__What the exercise asks__:
For the entries below, print exactly the lines between the line holding "T-shirt Cool Lizard" and the line holding "ENDY RODRIGUEZ 2024", inclusive, and nothing else.

=== Provided material ===

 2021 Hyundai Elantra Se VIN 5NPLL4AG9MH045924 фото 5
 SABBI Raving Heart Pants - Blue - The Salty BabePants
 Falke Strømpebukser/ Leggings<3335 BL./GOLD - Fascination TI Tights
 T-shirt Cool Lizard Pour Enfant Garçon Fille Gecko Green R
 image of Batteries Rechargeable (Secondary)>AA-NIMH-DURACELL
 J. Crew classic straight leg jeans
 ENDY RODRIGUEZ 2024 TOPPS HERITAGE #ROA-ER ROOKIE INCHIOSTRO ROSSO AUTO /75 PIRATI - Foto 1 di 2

===
=== Provided material ===

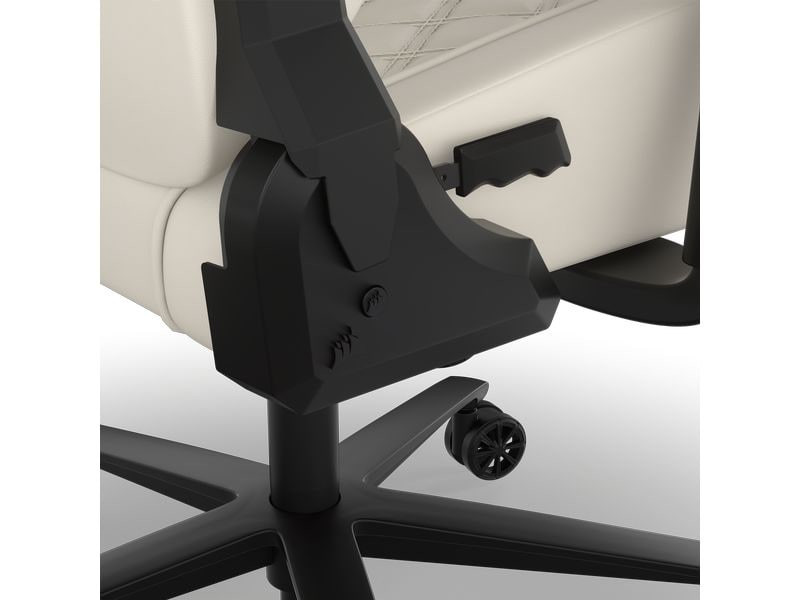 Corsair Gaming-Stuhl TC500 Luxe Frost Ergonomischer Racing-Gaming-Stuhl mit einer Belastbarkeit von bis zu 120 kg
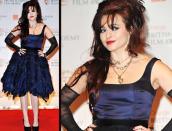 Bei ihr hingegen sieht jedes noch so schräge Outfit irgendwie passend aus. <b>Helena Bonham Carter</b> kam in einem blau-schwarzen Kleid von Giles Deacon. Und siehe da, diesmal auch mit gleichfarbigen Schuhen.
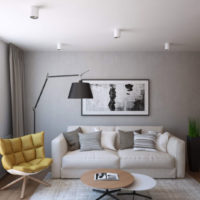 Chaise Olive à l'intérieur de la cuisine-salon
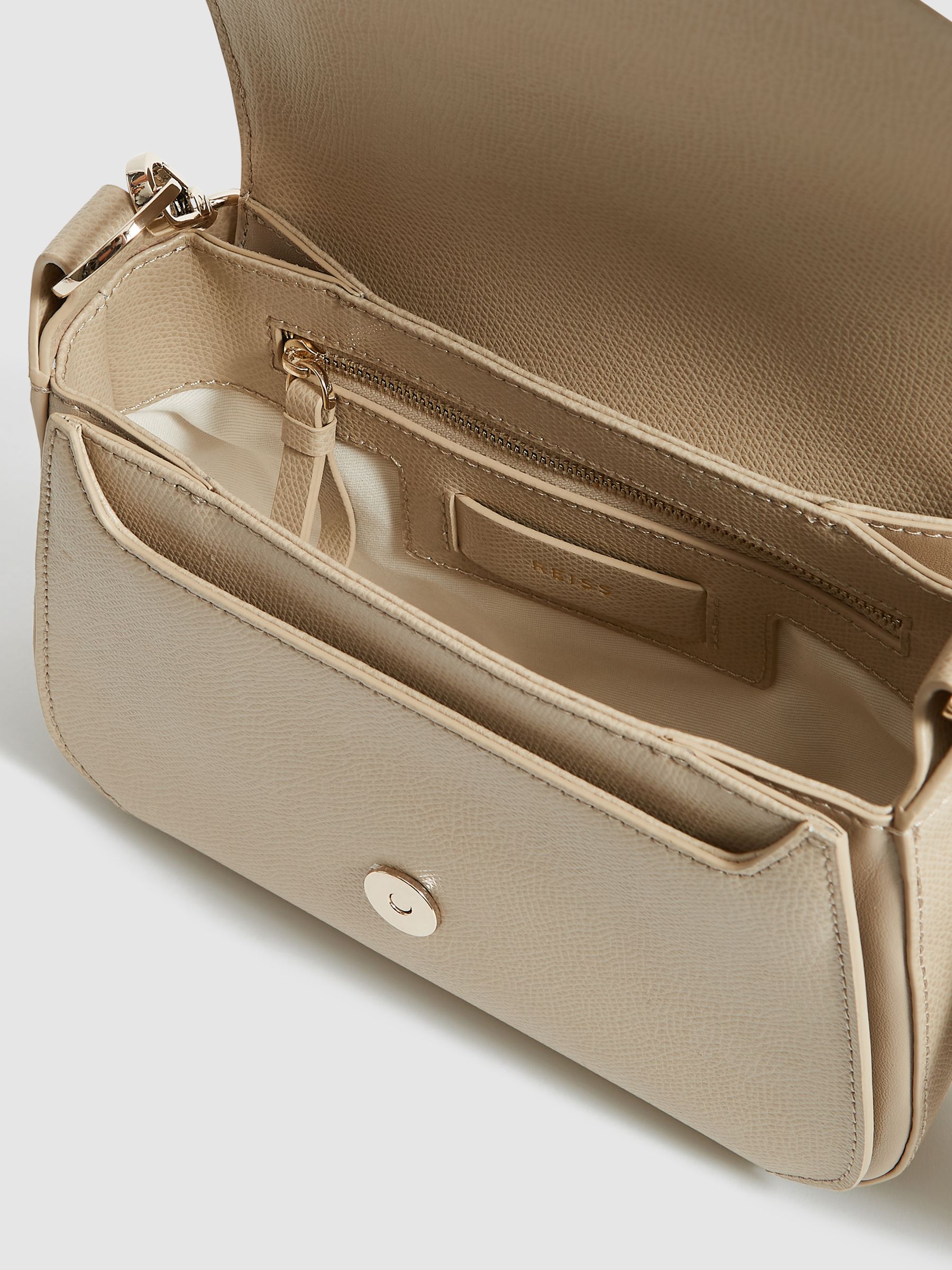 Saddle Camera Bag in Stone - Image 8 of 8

===

__Written solution__:
 T-shirt Cool Lizard Pour Enfant Garçon Fille Gecko Green R
 image of Batteries Rechargeable (Secondary)>AA-NIMH-DURACELL
 J. Crew classic straight leg jeans
 ENDY RODRIGUEZ 2024 TOPPS HERITAGE #ROA-ER ROOKIE INCHIOSTRO ROSSO AUTO /75 PIRATI - Foto 1 di 2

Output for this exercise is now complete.